A new system architecture against big data insider threats
Mon 12 Dec 2016
Much as law came later to the old west than the original settlers, security is coming late to big data. It’s an ironic situation, since so many big data projects being developed and experimented with in these years are themselves intended as security solutions.
In the paper A System Architecture for the Detection of Insider Attacks in Big Data Systems, IEEE researchers Santosh Aditham and Nagarajan Ranganathan explore a new system architecture, run over Hadoop and Spark instances, which addresses big data security via, amongst other things, the same kind of hash-based profiling which defines the blockchain: data unit replication is used as a signature against undesirable changes from those who already have access to the system, providing accountability and change history.
But the centre of the system proposed is an attack detection algorithm. It’s here that the traditional trade-off between security processes and general performance takes place since the detection routines run in a sandboxed secondary node similar to heuristic sandboxes in consumer security software. However, the system adheres to Hadoop’s stipulation that security processes should not affect operations by more than 3%.
The detection routines run in secure space and perform hash matching against known and hashed modifications, seeking undocumented commits.
The individual hash-matching performed during security runs finally contribute to a total program hash – effectively a checksum which will be altered by any changes in any of the sub-hash statuses. The use of secure protocols, hashing, and the overhead needed for decryption at runtime make the system’s adherence to the recommended maximum delay time an apparently impressive achievement.
The ultimate practical application of the system requires that the security modules operate in isolation from the central big data workflow, and to this end, the researchers have devised a proposition involving bespoke security hardware chips. This decouples the security system from the big data platform itself and thus has no effect on scalability – within the limits of the security system to handle throughput as it scales up.
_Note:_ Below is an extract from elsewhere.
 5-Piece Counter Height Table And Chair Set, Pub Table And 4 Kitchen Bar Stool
However, it’s not exactly a ‘bolt-on’ solution, since the modules will operate at best efficiency according to their proximity to the main processor node. The nearer the placement, the more efficient the process and the lower the cost.
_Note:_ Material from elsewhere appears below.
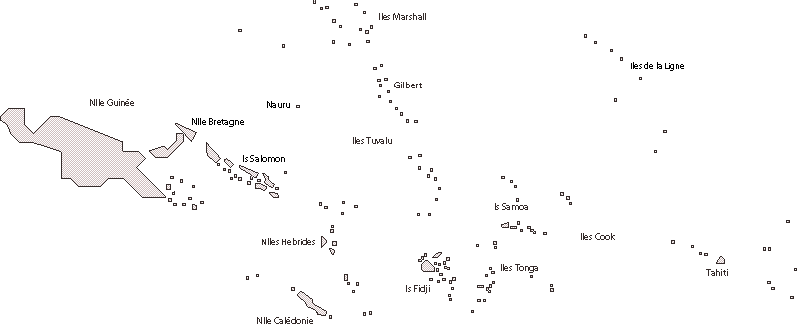 Outdated French Map of the South Pacific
In testing the system the researchers made use of AWS-supported Hadoop and Spark clusters. The team reported minimal network performance for the Hadoop cluster (a five-node build over Amazon EC2 and EBS). The 4-node Spark cluster used generic m1.large.nodes of Amazon EC2 and EBS, each with 2 vCPU and 7.5gb of memory, and the researchers report moderate network performance with this configuration.
Commenting on the developing lag between security research and functionality exploration in big data applications, the paper observes that there is ‘an immediate need to address architectural loopholes in order to provide better security. For instance, current big data security platforms focus on providing fine-grained security through extensive analysis of stored data. But such models indirectly facilitate the abuse of user data in the hands of the provider.’